TopicDeletionManager
TopicDeletionManager管理着topic删除动作的状态机。当调用命令删除topic时,在zk的/admin/delete_topics下面会创建对应topic的节点,controller监听着这个路径并且删除对应的topic。在删除topic之前会判断,如果
- topic的某个replica所在的broker此时下线了
- 正在进行这个topic的partition reassignment
则topic会判断为不能够删除。而当
- replica所在的broker上线了
- partition reassignment完成了
的时候,会继续topic的删除动作。
每一个待删除topic的replicac都有以下三种状态
- TopicDeletionStarted:当调用了onPartitionDeletion以后replica进入此状态。当controller监听到delete_topics子节点变化时,发送StopReplicaRequests到所有的replica,并且在响应StopReplicaResponse上面注册了回调,当每个replica响应删除replica的时候执行。
- TopicDeletionSuccessful:根据StopReplicaResponse响应状态码的不同决定是否将replica移入此状
- TopicDeletionFailed:根据StopReplicaResponse响应状态码的不同决定是否将replica移入此状
一个topic被删除成功,当且仅当所有的replica都进入了TopicDeletionSuccessful状态。如果没有replica还在TopicDeletionStarted状态,并且至少一个replica进入TopicDeletionFailed状态,就会将这个topic标记用来重试。
上面提到,当从zk获取到待删除的topic时会执行enqueueTopicsForDeletion方法
def enqueueTopicsForDeletion(topics: Set[String]) {
if (isDeleteTopicEnabled) {
topicsToBeDeleted ++= topics
resumeDeletions()
}
}
它将待删除的topic放入到manager的集合topicsToBeDeleted中,然后继续执行topic的删除动作
private def resumeDeletions(): Unit = {
val topicsQueuedForDeletion = Set.empty[String] ++ topicsToBeDeleted
if (topicsQueuedForDeletion.nonEmpty)
info(s"Handling deletion for topics ${topicsQueuedForDeletion.mkString(",")}")
topicsQueuedForDeletion.foreach { topic =>
// if all replicas are marked as deleted successfully, then topic deletion is done
//如果replica都已经删除成功
if (controller.replicaStateMachine.areAllReplicasForTopicDeleted(topic)) {
// clear up all state for this topic from controller cache and zookeeper
completeDeleteTopic(topic)
info(s"Deletion of topic $topic successfully completed")
} else {
//至少有一个replica已经开始删除topic
if (controller.replicaStateMachine.isAtLeastOneReplicaInDeletionStartedState(topic)) {
// ignore since topic deletion is in progress
val replicasInDeletionStartedState = controller.replicaStateMachine.replicasInState(topic, ReplicaDeletionStarted)
val replicaIds = replicasInDeletionStartedState.map(_.replica)
val partitions = replicasInDeletionStartedState.map(_.topicPartition)
info(s"Deletion for replicas ${replicaIds.mkString(",")} for partition ${partitions.mkString(",")} of topic $topic in progress")
} else {
// if you come here, then no replica is in TopicDeletionStarted and all replicas are not in
// TopicDeletionSuccessful.

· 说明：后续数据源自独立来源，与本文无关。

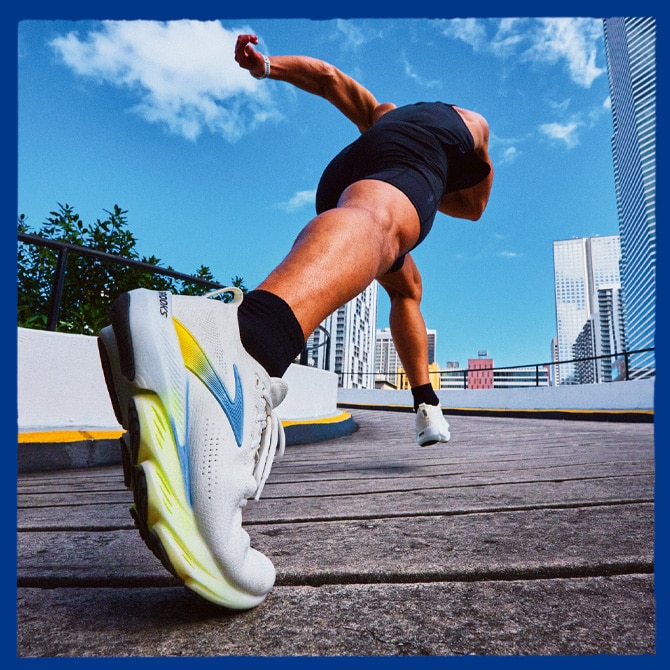 A person wearing Brooks shoes in stride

That means, that either given topic haven't initiated deletion
// or there is at least one failed replica (which means topic deletion should be retried).
//此时,没有一个replica在start状态,表示replica都还没开始删除,或者至少有一个replica失败了
if (controller.replicaStateMachine.isAnyReplicaInState(topic, ReplicaDeletionIneligible)) {
// mark topic for deletion retry
markTopicForDeletionRetry(topic)
}
}
}
// Try delete topic if it is eligible for deletion.

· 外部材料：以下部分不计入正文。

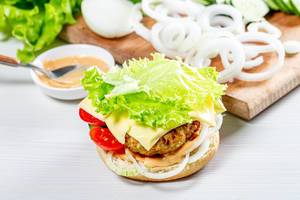 Delicious fresh homemade burger with lettuce, cheese, onion and tomato on a white wooden background (Flip 2019)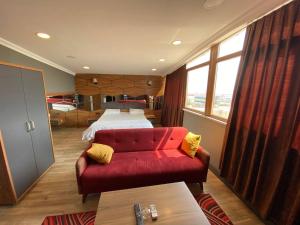 una camera con un letto e un divano rosso di HİLL SUİTES a Istanbul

if (isTopicEligibleForDeletion(topic)) {
info(s"Deletion of topic $topic (re)started")
// topic deletion will be kicked off
onTopicDeletion(Set(topic))
} else if (isTopicIneligibleForDeletion(topic)) {
info(s"Not retrying deletion of topic $topic at this time since it is marked ineligible for deletion")
}
}
}
当controller刚开始执行删除动作时,执行的是onTopicDeletion(Set(topic))方法
private def onTopicDeletion(topics: Set[String]) {
info(s"Topic deletion callback for ${topics.mkString(",")}")
// send update metadata so that brokers stop serving data for topics to be deleted
val partitions = topics.flatMap(controllerContext.partitionsForTopic)
val unseenTopicsForDeletion = topics -- topicsWithDeletionStarted
if (unseenTopicsForDeletion.nonEmpty) {
val unseenPartitionsForDeletion = unseenTopicsForDeletion.flatMap(controllerContext.partitionsForTopic)
//将所有的partition先下线
controller.partitionStateMachine.handleStateChanges(unseenPartitionsForDeletion.toSeq, OfflinePartition)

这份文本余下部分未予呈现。